The series created by HBO, primarily chronicles the lives and deeds of two common men: Lucius Vorenus and Titus Pullo, two Roman soldiers mentioned historically in Caesar’s De Bello Gallico. The fictionalized Vorenus and Pullo manage to witness and often influence many of the historical events presented, of which not all are accurate. Only two seasons were made, the first season depicts Julius Caesar’s civil war of 49 BC against the traditionalist conservative faction in the Roman Senate, his rise to absolute dictatorship over Rome, and his eventual fall, spanning the time period from the end of his Gallic Wars (52 BC or 701) until his assassination on 15 March 44 BC (the Ides of March). Against the backdrop of these events, we also see the early years of the young Octavian, who is destined to become the first Emperor of Rome, after he took the title of First Citizen, then Augustus. The second season chronicles the power struggle between Octavian and Mark Antony following Caesar’s assassination, spanning the period from Caesar’s death in 44 BC to Octavian’s final victory over Antony at Actium in 31 BC.
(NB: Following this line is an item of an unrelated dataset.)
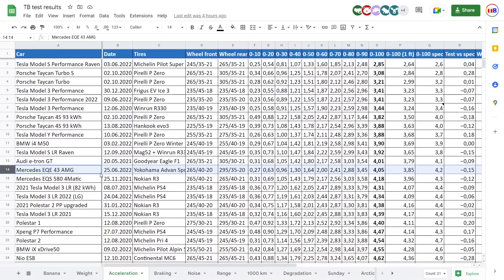let's look at the real sheet, the Google sheet. So acceleration test, it was actually slightly faster in the EQS. Wow. And look here, so 4.2 seconds is faster than spec.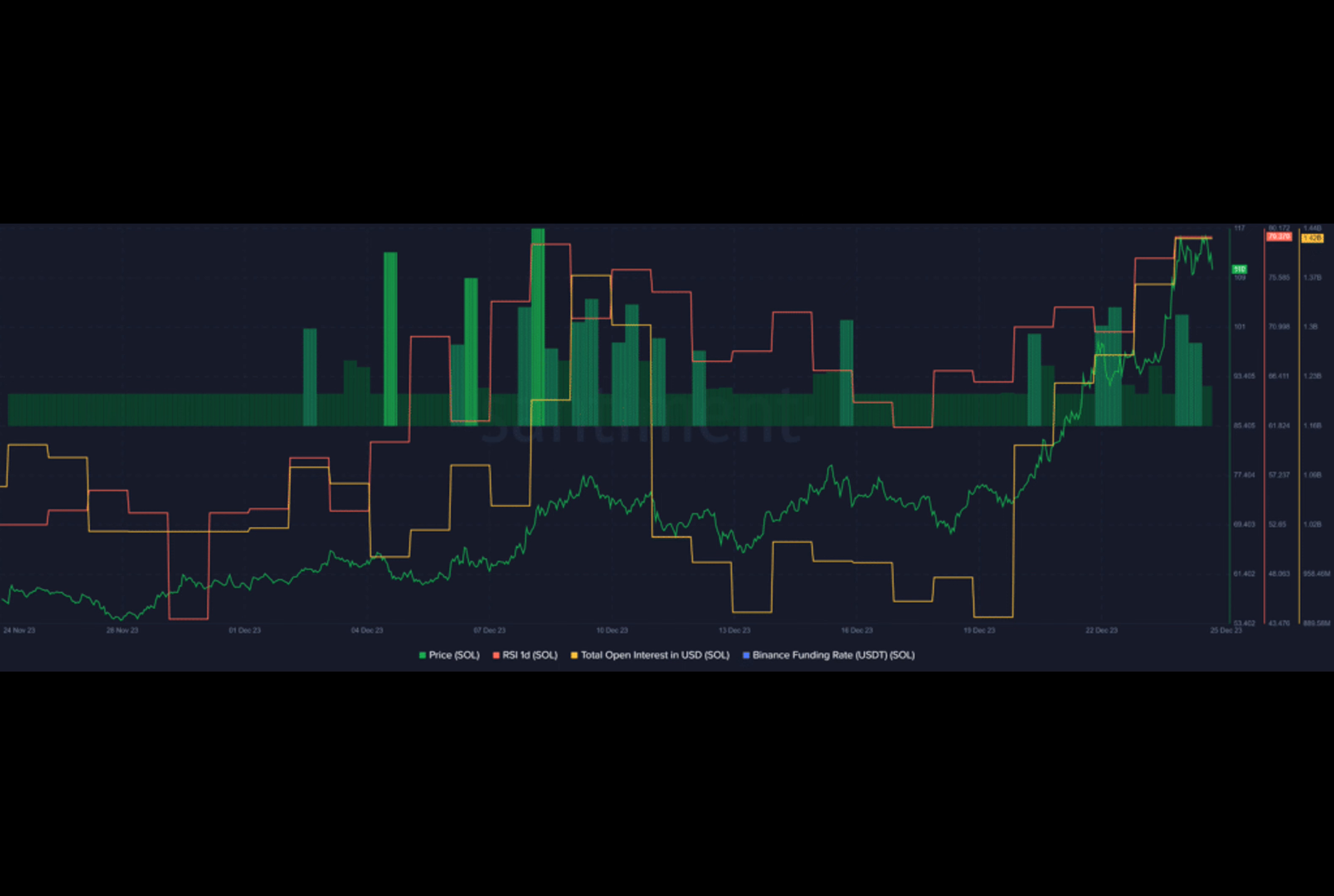The movements come after Solana had a 21-month high of $117 on December 24, after recording constant inclines over the past month.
All characters deserves separate pages, and I try to resume a little some of their roles.Kevin McKidd plays Lucius Vorenus a strong character with limited brain judgement, sense of duty and great lack of relationship behavior. Ray Stevenson is Titus Pullo, the funny happy-goes-by who inadvertently became a key factor in the history of Rome. He also has his ways with the beautiful sex. By the way, it has different certifications, from 12 in The Netherlands to 18 in UK. All the main actresses were undressed at a point. If the first season is made to promote the series, the second one, already promoted, is tougher and less concerned with finesse. A lot of blood, putrefaction and nakedness.
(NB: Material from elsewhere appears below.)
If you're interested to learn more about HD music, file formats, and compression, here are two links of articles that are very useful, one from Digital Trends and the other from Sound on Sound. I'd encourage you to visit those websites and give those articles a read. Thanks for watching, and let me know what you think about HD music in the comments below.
Polly Walker is the intrigant Atia of the Julii, who loves James Purefoy the sexy Mark Antony (special guest star, a strong point to the series), which is followed by Kerry Condon as Octavia of the Julii, used here as a trading good for influence, position and manipulation. Ian McNeice is a very picturesque the Newsreader, Coral Amiga as Vorena the Elder, Lucius Vorenus elder daughter, with no less of importance for who saw the show. Lindsay Duncan is Servilia of the Junii another intriguing viper, she pimped herself to Ciarán Hinds [as Gaius Julius Caesar (another guest star)] to push Tobias Menzies [as Marcus Junius Brutus] in the Senate.
Nicholas Woodeson plays Posca (Gaius Julius Caesar’s literate aide-de-camp slave), Indira Varma is Niobe (Lucius Vorenus wife), David Bamber is Marcus Tullius Cicero, Chiara Mastalli is Eirene, a former slave and Titus Pullo’s unfortunate wife.
Max Pirkis is Gaius Octavian during childhood, another strong pole of the first season, one can see how the personality of the future Emperor was shaped. Lee Boardman is Timon (the entrepreneurial Jew who serves Atia with his knife and other manly meanings), Kenneth Cranham is Pompey Magnus, Allen Leech as Marcus Vipsanius Agrippa, Guy Henry as Cassius, the gay friend and partner of Brutus. Camilla Rutherford is Jocasta, Simon Woods is Gaius Octavian Caesar a little bit more mature.
Zuleikha Robinson is Gaia, a slave who maybe loves Pullo and also seduces him only to have an advantage over his wife, Eirene.
Lyndsey Marshal is a very credible Cleopatra, horny, manipulative, sexy in a mousy way, a junkie patriot.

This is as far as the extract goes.